В продолжение нескольких дней, проведенных мной при начале следствия, я принужден был выносить самое дерзкое обращение Викулиных, в особенности Алексея. {Для указания}, до какой степени доходила их дерзость, несмотря на присутствие следственной комиссии, достаточно указать на следующее: когда последняя, поселясь в имении покойного Викулина с. Липовке, в 2 верстах от Колодезского, производила допросы, дядя мой князь Дмитрий Волконский проезжал через Липовку в карете. Викулины, которые обвиняли его в том, что в то время, когда он приезжал сообщить матери моей о кончине ее зятя, им были украдены бумаги и деньги из кабинета их отца, вздумали самопроизвольно его арестовать. По приказанию Алексея Викулина крестьяне с. Липовки ввезли карету Волконского на господский двор, отпрягли из нее четырех собственных лошадей Волконского и около кареты поставили караул из крестьян с палками. Слуга Волконского, прибежав ко мне в избу, где производилось следствие, рассказал о всем случившемся.

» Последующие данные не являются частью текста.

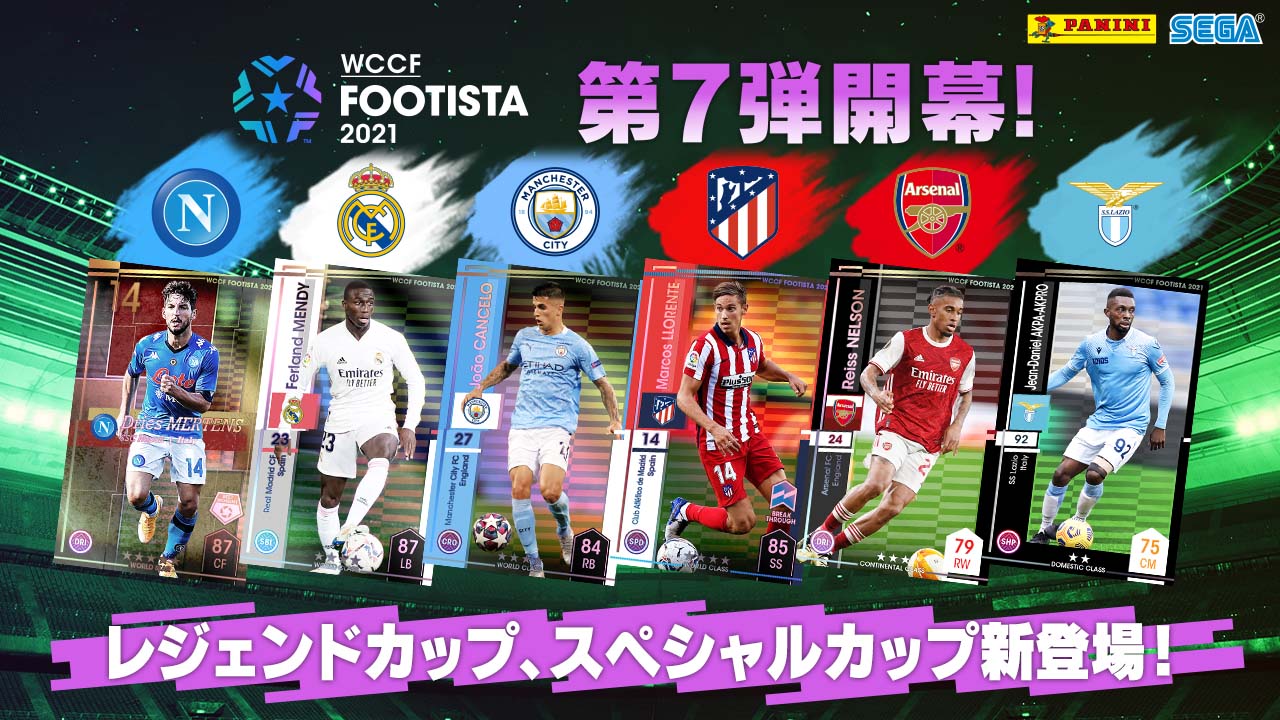 wccf  footista 7枚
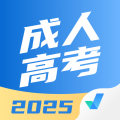 成人高考聚题库手机版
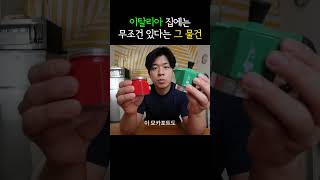 이탈리아인 중에 없는 사람 있을까   #커피 #이탈리아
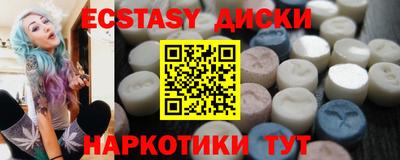 2c-b Первоуральск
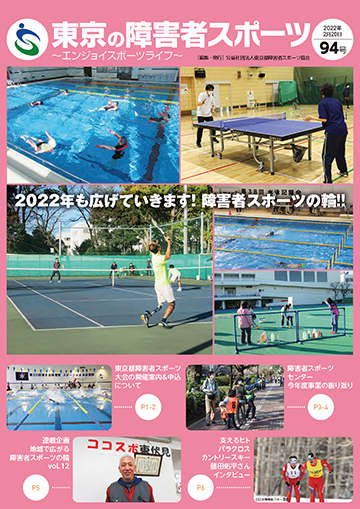 東京の障害者スポーツ94号の表紙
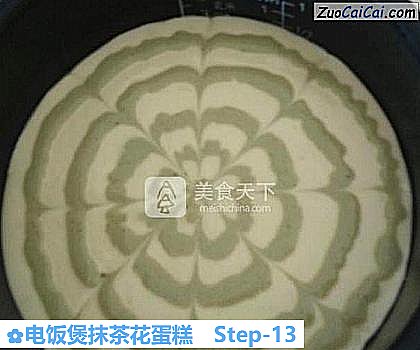 电饭煲抹茶花蛋糕做法第十三步骤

Я передал этот рассказ жандармскому штаб-офицеру, который пошел вместе со мной на господский двор, освободил Волконского из-под ареста и дал <ему> жандармского унтер-офицера для конвоирования Волконского, пока он поедет по имениям покойного Викулина.

Следствие, по его окончании, было представлено, согласно закону, в Елецкий уездный суд, который не делал по нему никакого постановления, хотя следствием было доказано своевольное завладение и расхищение Викулиными имения, продажа не принадлежащего им хлеба, бесчеловечные истязания Музалькова и Давыда с их детьми и домогательства от них через пытки ложных показаний.